The package functionality is based on the operations on the following entities:
- type `Row`
- type `DataSource`
- type `Index`

#### Type `Row`
`Row` represents one row from a `DataSource`. It is a map from column names
to the string values under those columns on the current row. The package expects a unique name
assigned to every column at source. Compared to using integer indices this provides more
convenience when complex transformations get applied to each row during processing.

#### type `DataSource`
Type `DataSource` represents any source of zero or more rows, like `.csv` file. This is a function
that when invoked feeds the given callback with the data from its source, one `Row` at a time.
The type also has a number of operations defined on it that provide for easy composition of the
operations on the `DataSource`, forming so called [fluent interface](https://en.wikipedia.org/wiki/Fluent_interface).
All these operations are 'lazy', i.e. they are not performed immediately, but instead each of them
returns a new `DataSource`.

There is also a number of convenience operations that actually invoke
the `DataSource` function to produce a specific type of output:
- `IndexOn` to build an index on the specified column(s);
- `UniqueIndexOn` to build a unique index on the specified column(s);
- `ToCsv` to serialise the `DataSource` to the given `io.Writer` in `.csv` format;
- `ToCsvFile` to store the `DataSource` in the specified file in `.csv` format;
- `ToJSON` to serialise the `DataSource` to the given `io.Writer` in JSON format;
- `ToJSONFile` to store the `DataSource` in the specified file in JSON format;
- `ToRows` to convert the `DataSource` to a slice of `Row`s.

#### Type `Index`
`Index` is a sorted collection of rows. The sorting is performed on the columns specified when the index
is created. Iteration over an index yields a sorted sequence of rows.

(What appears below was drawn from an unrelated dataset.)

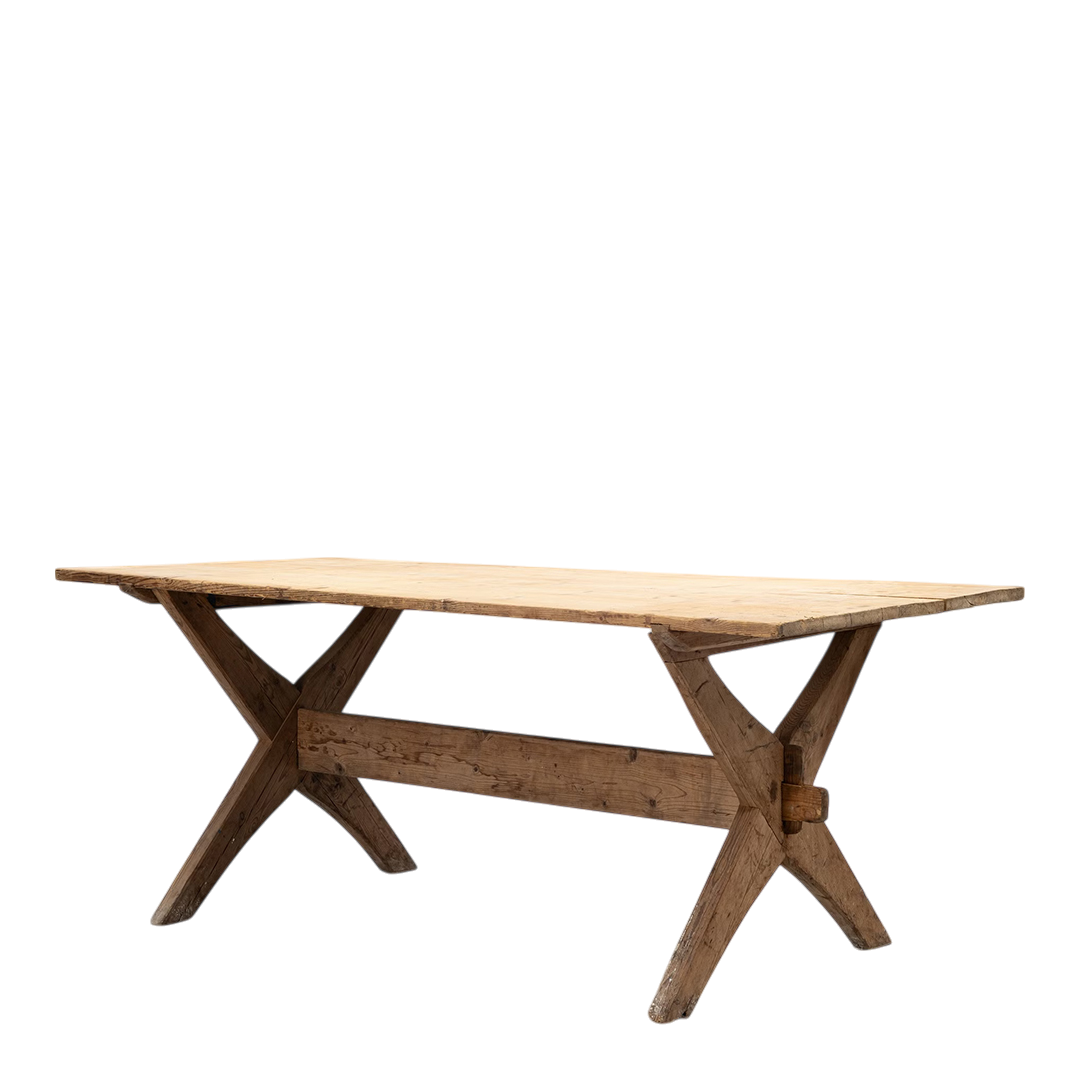 Early 20thc Swedish : solid pinewood trestle table, open joinery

An `Index` can be joined with
a `DataSource`. The type has operations for finding rows and creating sub-indices in O(log(n)) time.
Another useful operation is resolving duplicates. Building an index takes O(n*log(n)) time. It should
be noted that the `Index` building operation requires the entire dataset to be read into
the memory, so certain care should be taken when indexing huge datasets. An index can also be
stored to, or loaded from a disk file.

For more details see the [documentation](https://godoc.org/github.com/maxim2266/csvplus).

### Project status
The project is in a usable state usually called "beta". Tested on Linux Mint 18.3 using Go version 1.10.2.